▶ _INFORMATION GIVEN_
......
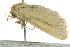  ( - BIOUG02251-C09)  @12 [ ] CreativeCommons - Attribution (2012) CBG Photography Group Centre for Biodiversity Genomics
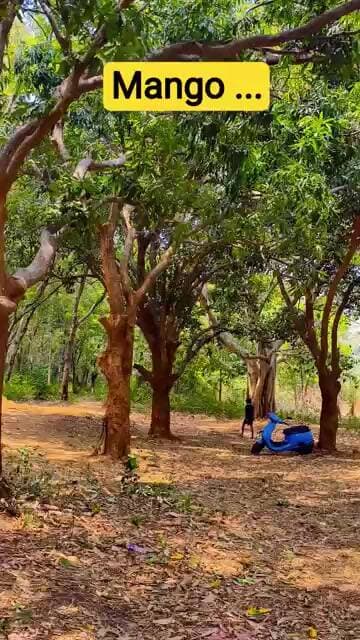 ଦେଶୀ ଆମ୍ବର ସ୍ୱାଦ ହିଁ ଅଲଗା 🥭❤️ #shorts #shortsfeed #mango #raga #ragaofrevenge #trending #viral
......
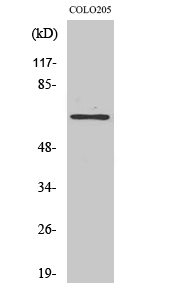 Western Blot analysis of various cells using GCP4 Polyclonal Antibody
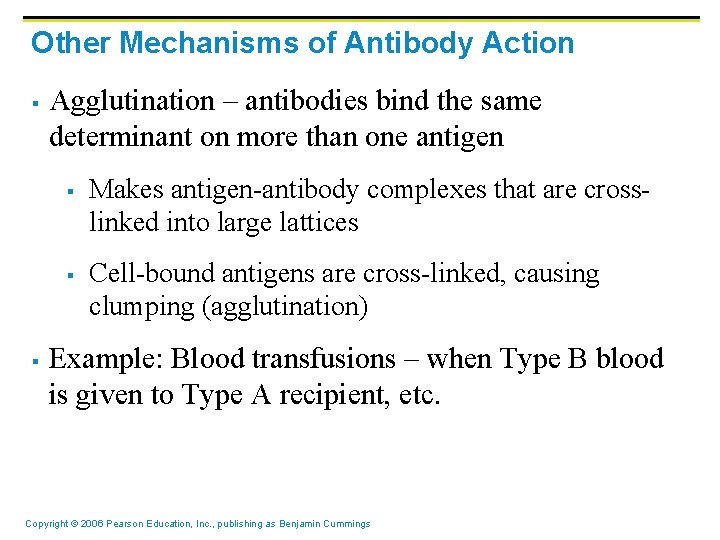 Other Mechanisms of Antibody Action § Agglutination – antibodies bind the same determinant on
......
▶ _WHAT IS BEING ASKED_
In the listing above, find the line with "( - BIOUG02251-C09)" and the line with "ଦେଶୀ ଆମ୍ବର ସ୍ୱାଦ". Transcribe those two and everything between, exactly, leaving out pictures.

▶ _SOLUTION_
  ( - BIOUG02251-C09)  @12 [ ] CreativeCommons - Attribution (2012) CBG Photography Group Centre for Biodiversity Genomics
 ଦେଶୀ ଆମ୍ବର ସ୍ୱାଦ ହିଁ ଅଲଗା 🥭❤️ #shorts #shortsfeed #mango #raga #ragaofrevenge #trending #viral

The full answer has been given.